Site Reliability Engineer / Observability Engineer III (Fixed Night Shift Role)
India - Remote
Public Cloud - Offerings and Delivery – Cloud Infra Services /
Full - Time /
Remote
Sr. Site Reliability Engineer III - Job Description
As a Site Reliability Engineer, you will play a key role in ensuring our systems remain reliable, available, and performant for both our customers and internal teams. Your expertise will directly impact our users' experience and the success of our business.
In this role, you'll collaborate closely with our product development and platform engineering teams to build scalable systems and create robust automation that supports our company's goals. Your day-to-day work will make a meaningful difference in how efficiently and effectively our technology operates.
We're looking for someone who has hands-on experience with technologies like AWS, CDN, Terraform, Packer, and Splunk. Keen troubleshooting abilities will be essential as you identify and solve complex issues in the critical applications our customers rely on daily.
The ideal candidate thrives on learning new technologies and approaches challenges with enthusiasm. You'll be joining a collaborative environment where your problem-solving skills will shine as you work across multiple teams. If you're self-motivated, passionate about quality, and ready to make an impact, we want to hear from you!
Responsibilities
- Responsibilities:
- · Collaborate with development teams to implement and deploy new features that meet high standards for reliability, security, and performance.
- · Partner with cross-functional teams to establish and enhance enterprise standards and best practices.
- · Develop and maintain effective monitoring tools, alerts, and dashboards that provide clear visibility into system health and performance.
- · Analyze metrics and logs to proactively detect anomalies, optimize performance, plan capacity, and isolate issues before customer impact occurs.
- · Identify innovative solutions to complex problems and implement corrective actions decisively.
- · Mentor junior team members while documenting and sharing solutions to build team knowledge.
Qualifications:
- Minimum 5 years' experience in DevOps engineering roles such as SRE, DevOps, CloudOps.
- Advanced proficiency with Terraform for infrastructure as code implementation (required)

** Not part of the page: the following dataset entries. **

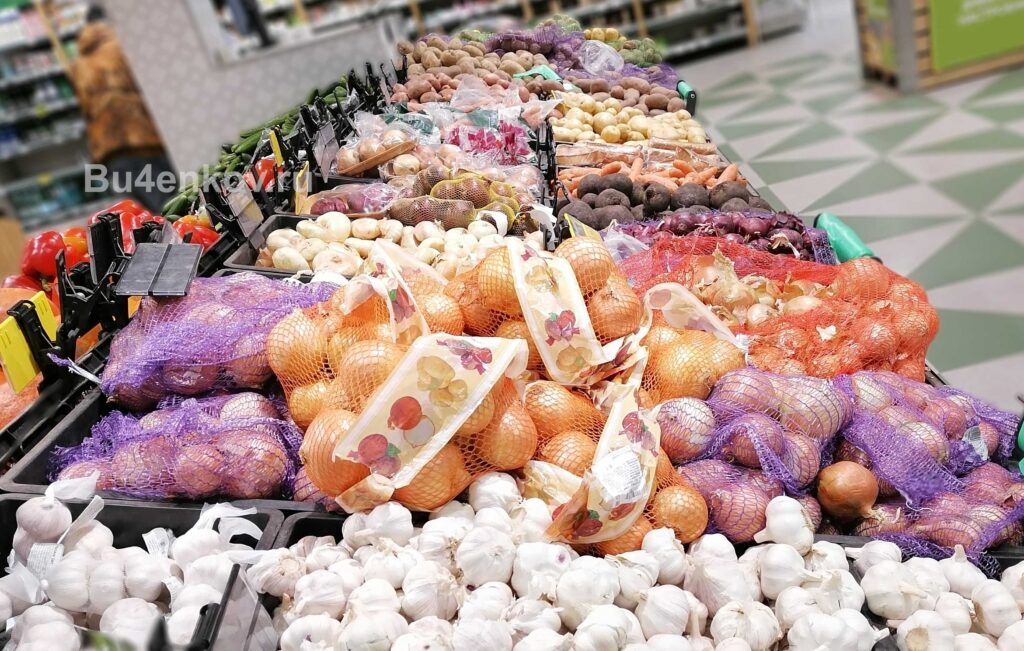 Основа нашей кухни - всегда доступные картофель, корнеплоды и некоторые овощи. Продукты в магазине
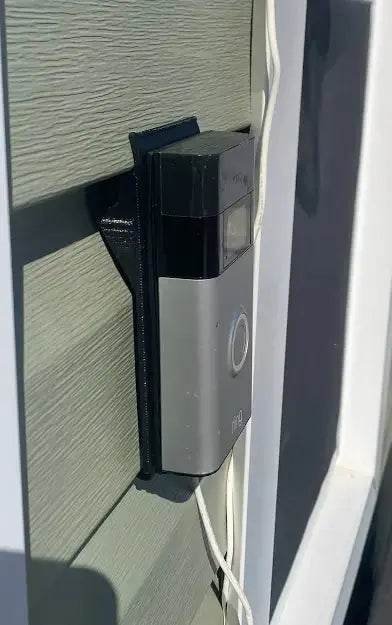 Video doorbell mounted on horizontal vinyl siding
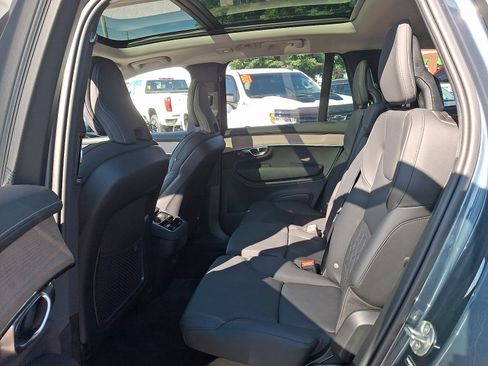 Used 2025 Volvo XC90 B6 Plus AWD/4WD image 11
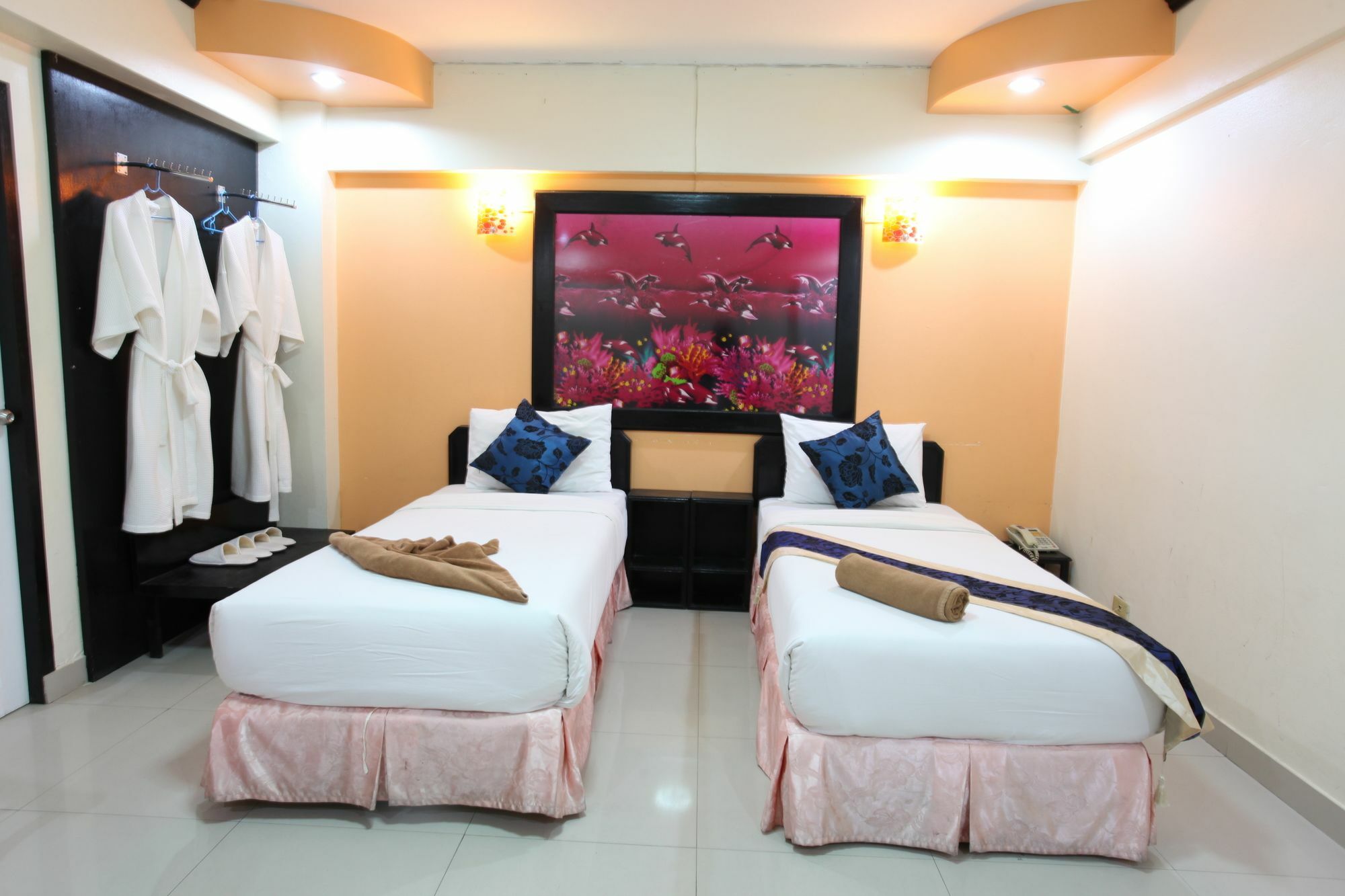 Superior Twin Room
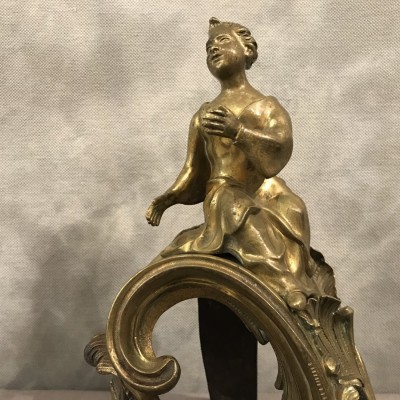 Belle paire de chenets en bronze décor aux chinois d'époque Louis XV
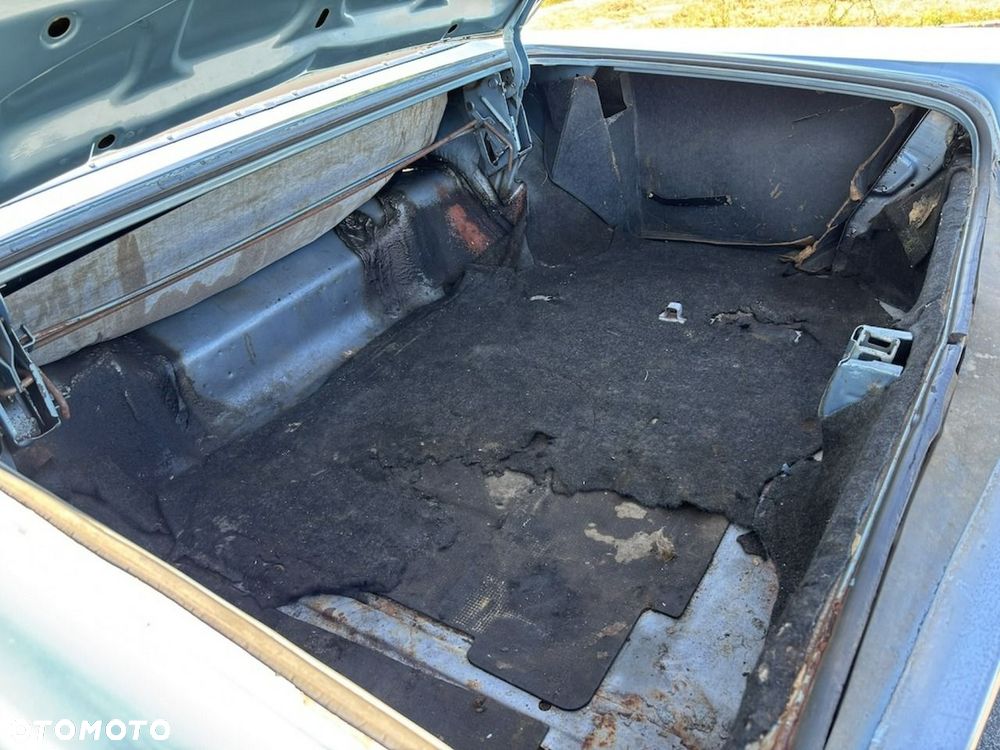 Cadillac Deville - 18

- Extensive experience with AWS technologies and services, including EC2, S3, RDS, and IAM (required).
- Comprehensive understanding of HTTP protocols, web server technologies, and troubleshooting.
- Strong experience with load balancing solutions such as AWS ELB, NGINX, or HAProxy.
- Practical knowledge of caching technologies and CDN implementations.
- Working experience with Redis for in-memory data storage and caching.
- Demonstrated ability implementing and optimizing CDN solutions for global content delivery (Preferred).
- Expertise in monitoring and troubleshooting web application performance and availability.
- Practical experience with observability solutions such as Splunk, Datadog, or similar.
- Proficiency in one or more languages such as Java, Go, Python, or Linux Shell.
- Proven experience operating effectively in an agile software development environment.
- Strong understanding of AWS pricing/cost models across compute, storage, and database offerings.
- Experience implementing and maintaining CI/CD pipelines.
- Ability to multitask and adapt to changing priorities in a fast-paced, 24x7 environment.
- Collaborative approach to working with cross-functional teams of both technical and business professionals.
- Excellent communication, problem-solving, and customer service skills.
- Bachelor's degree in computer science, science, engineering or equivalent technical certifications preferred.